Their sufferings are sometimes intense. The climate is so severe, and their duties are so arduous, that their constitutions would soon be broken down if they were not allowed to recuperate temporarily at their house in Martigny, their places being taken by other members of this brave and devoted brotherhood.

On the St. Bernard summit the seasons are unknown. Winter is, so to speak, perpetual, without spring or autumn or summer, the only indication of our warm seasons being the melting of the snow, which sometimes drifts about the three tall stone buildings to a height of forty feet. The cold is often twenty degrees below zero Fahrenheit and has been in one instance twenty-nine degrees. When I stayed at the hospice early in August, the lake behind it was frozen over during the night, and the monks told me that there have been years when the ice on its surface did not melt.

Under these conditions, I was not surprised to find among the occupants of the hospice mostly young men, only one of them being over fifty, and he had spent twenty consecutive years on the St. Bernard. The hardest labors of these pious men are during the winter months, notably in November and February, when numerous poor laborers from Italy venture to cross in search of work. Unfamiliar with the hardships and dangers they have to face, they ascend from Aosta over St. Rémy, plodding wearily through the deep snow, which obliterates all traces of the road, sometimes covering even the telegraph-poles. At last their strength gives out, or they are buried under an avalanche, or they lose their way and cannot proceed from sheer exhaustion. Those who do not perish owe their lives to the zeal of the monks and the alertness of the famous dogs of St. Bernard.

Day after day all the monks are out on their beat through the “Valley of Death” on the north side opening immediately below the hospice, and the steep snow-fields to the south, each accompanied by a servant and a dog. They search the surroundings, where every dell, every rock is familiar to them, with powerful field-glasses. Breaks or dark spots are detected at once on the white surface, but the surest and never-failing discoverers of unfortunate victims are the dogs. Their extraordinary fine scent indicates to them the exact direction in which it is necessary to search, and the men follow on snow-shoes. Arrived at the supposed spot, the dogs begin to bark and to scratch in the snow, the men take to their shovels, and soon the poor wayfarer is discovered. If life has fled from him, the body is carried up to the hospice and placed in the little low, desolate stone hut standing at a short distance from the buildings, the abode of the dead. In this “morgue” rest the victims of the Alps till their bodies crumble to ashes. There is no other way of disposing of the dead, since for miles about the hospice not enough soil can be found to furnish a grave.

Drawn by André Castaigne.

INTERIOR OF THE CHAPEL IN THE HOSPICE

At the time of my visit, only one body of the preceding winter was lying among the remains of the victims of former years. The others who had been found had been restored to life.

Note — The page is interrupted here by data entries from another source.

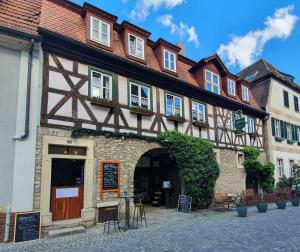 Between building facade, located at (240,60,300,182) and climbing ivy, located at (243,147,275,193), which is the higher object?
building facade, located at (240,60,300,182)

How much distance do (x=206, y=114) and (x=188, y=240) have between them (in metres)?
9.21

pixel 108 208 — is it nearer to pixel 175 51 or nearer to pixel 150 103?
pixel 150 103

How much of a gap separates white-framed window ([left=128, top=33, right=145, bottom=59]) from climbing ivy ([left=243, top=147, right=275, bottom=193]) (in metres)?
9.55

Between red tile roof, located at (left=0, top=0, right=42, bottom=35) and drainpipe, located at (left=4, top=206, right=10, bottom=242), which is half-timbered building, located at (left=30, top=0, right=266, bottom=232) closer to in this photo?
red tile roof, located at (left=0, top=0, right=42, bottom=35)

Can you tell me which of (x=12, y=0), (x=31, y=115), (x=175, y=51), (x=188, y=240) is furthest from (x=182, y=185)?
(x=12, y=0)

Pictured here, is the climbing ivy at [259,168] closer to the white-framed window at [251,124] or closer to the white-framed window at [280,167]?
the white-framed window at [251,124]

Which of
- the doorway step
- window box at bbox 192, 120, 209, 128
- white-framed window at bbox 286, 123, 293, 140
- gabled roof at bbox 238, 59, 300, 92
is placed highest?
gabled roof at bbox 238, 59, 300, 92

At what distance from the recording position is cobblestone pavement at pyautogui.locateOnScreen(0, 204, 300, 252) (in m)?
7.03

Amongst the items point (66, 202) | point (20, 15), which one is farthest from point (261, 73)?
point (66, 202)

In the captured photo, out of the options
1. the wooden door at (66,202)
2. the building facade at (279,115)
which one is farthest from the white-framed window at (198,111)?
the wooden door at (66,202)

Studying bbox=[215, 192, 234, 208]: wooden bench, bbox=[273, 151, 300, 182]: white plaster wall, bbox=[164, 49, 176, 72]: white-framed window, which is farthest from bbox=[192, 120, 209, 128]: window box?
bbox=[273, 151, 300, 182]: white plaster wall

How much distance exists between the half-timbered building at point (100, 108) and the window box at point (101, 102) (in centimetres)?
5

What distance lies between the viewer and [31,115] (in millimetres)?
9039

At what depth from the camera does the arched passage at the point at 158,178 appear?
1438 centimetres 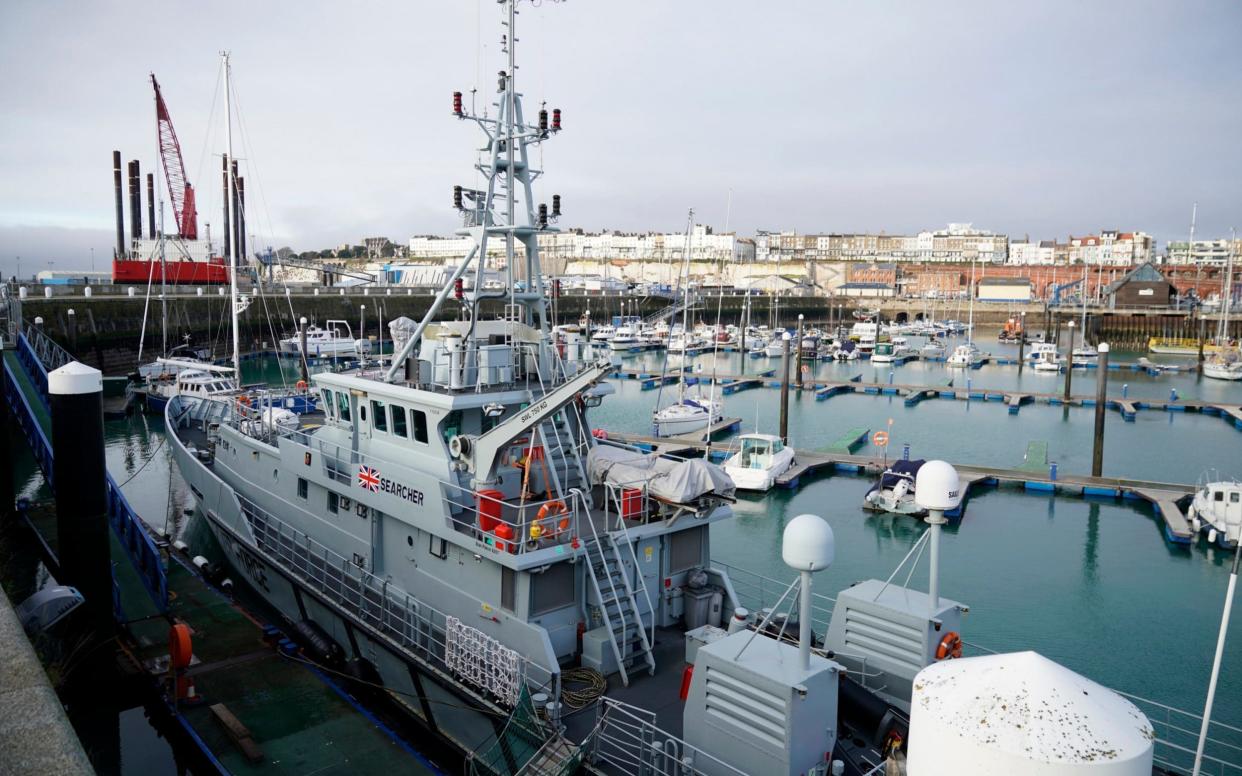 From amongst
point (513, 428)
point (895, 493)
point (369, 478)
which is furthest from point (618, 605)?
point (895, 493)

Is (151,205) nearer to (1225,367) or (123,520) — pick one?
(123,520)

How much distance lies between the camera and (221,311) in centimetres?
6375

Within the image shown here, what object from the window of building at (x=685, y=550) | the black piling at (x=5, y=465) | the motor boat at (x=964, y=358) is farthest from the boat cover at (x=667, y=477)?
the motor boat at (x=964, y=358)

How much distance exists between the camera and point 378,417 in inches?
558

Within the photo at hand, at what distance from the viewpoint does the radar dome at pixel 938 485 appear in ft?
28.9

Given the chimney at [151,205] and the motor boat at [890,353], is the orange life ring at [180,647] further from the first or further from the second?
the chimney at [151,205]

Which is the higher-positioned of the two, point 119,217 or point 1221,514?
point 119,217

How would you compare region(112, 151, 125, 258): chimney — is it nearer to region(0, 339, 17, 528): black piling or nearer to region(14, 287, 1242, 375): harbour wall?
region(14, 287, 1242, 375): harbour wall

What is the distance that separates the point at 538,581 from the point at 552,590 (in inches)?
13.0

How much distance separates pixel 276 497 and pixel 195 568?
2581 millimetres

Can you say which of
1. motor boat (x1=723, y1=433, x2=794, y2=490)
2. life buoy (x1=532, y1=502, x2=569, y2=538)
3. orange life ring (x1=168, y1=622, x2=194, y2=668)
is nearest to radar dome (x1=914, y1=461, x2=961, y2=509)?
life buoy (x1=532, y1=502, x2=569, y2=538)

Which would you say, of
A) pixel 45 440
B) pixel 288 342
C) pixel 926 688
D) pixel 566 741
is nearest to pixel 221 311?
pixel 288 342

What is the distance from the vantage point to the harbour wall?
50.8 m

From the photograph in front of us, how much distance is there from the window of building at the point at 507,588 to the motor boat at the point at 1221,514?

Many thousands have been rescued from certain death, principally owing to the cleverness of the dogs, carefully trained to their work. According to the register kept at the hospice, these dogs, originally a cross between Newfoundland and Pyrenean, were employed first in the fifteenth century, and the present breed is undoubtedly descended from them. To preserve it pure, several dogs are also kept at the two other settlements of the brotherhood, the Simplon hospice and Martigny. The expediency of this is shown by the accident of 1825, when nearly all the dogs at the St. Bernard hospice, together with three lay brothers, perished in a terrible avalanche on the Swiss slope near the present “Cantine de Proz,” the highest inn on the way to the hospice, kept by the Swiss Government as a postal station. Only two or three dogs survived, and they perpetuated the race.

Now there are about fifteen dogs at the hospice. They are objects of much petting on the part of travelers, especially ladies, to which they indulgently submit. In appearance they differ considerably from what we picture them to be. They are much smaller than the St. Bernard dog of other countries, but heavier-set and stronger. The hair is white, coarse, and tight to the skin, with large yellow or reddish-brown spots, the chest and the lower part of the body being always white. The long tail is heavy and shaggy, the neck short-set and uncommonly strong, carrying a large head, with the muzzle short and broad. The front teeth are mostly visible, and the dogs would look rather ferocious without the intelligent and withal docile expression of their large, bright eyes. Many of them have been reproduced on postal cards, for sale in the large reception-room, one of the few rooms furnished with a stove. The prior, who is also Swiss postmaster, told me that on the average one thousand postal cards, mostly with pictures of the dogs, are daily sent “with hearty greetings” to all parts of the world. But in the “season,” as many as fifteen hundred have been mailed in a single afternoon, especially when snow-storms or rain keep the tourists indoors with nothing to do.